[Data entries]
····················

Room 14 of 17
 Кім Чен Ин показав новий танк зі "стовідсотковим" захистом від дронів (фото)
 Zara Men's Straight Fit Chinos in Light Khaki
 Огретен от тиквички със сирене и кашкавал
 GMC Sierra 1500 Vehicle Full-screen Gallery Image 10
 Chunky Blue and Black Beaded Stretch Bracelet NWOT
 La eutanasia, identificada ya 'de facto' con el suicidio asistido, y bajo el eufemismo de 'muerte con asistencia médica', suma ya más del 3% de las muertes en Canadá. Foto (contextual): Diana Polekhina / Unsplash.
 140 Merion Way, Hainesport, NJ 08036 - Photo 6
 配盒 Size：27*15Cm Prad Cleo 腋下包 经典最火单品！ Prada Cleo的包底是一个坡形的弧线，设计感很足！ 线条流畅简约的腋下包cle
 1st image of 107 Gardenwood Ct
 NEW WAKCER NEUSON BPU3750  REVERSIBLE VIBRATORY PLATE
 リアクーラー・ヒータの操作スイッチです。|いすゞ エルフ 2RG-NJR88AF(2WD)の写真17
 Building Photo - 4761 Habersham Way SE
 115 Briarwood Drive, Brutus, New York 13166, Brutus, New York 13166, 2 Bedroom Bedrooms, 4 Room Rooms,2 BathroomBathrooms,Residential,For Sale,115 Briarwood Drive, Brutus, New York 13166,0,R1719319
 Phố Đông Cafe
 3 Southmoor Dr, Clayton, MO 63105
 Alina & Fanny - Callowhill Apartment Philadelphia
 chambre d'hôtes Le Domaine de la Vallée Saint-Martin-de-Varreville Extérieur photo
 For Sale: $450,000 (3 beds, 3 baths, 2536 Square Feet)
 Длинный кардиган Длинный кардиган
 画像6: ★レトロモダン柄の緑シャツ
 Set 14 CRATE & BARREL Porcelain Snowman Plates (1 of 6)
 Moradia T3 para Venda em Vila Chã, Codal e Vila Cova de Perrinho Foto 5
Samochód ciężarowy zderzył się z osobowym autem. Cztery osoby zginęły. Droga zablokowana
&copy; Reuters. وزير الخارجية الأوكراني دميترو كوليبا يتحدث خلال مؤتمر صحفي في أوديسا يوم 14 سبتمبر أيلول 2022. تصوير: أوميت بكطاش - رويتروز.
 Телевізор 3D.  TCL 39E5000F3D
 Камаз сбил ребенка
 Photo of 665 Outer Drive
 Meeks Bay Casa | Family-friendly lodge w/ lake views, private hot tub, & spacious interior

····················

#### Required work
Reply with the number of lines in the data above that contain "Foto", and with nothing else.

#### Problem solution
2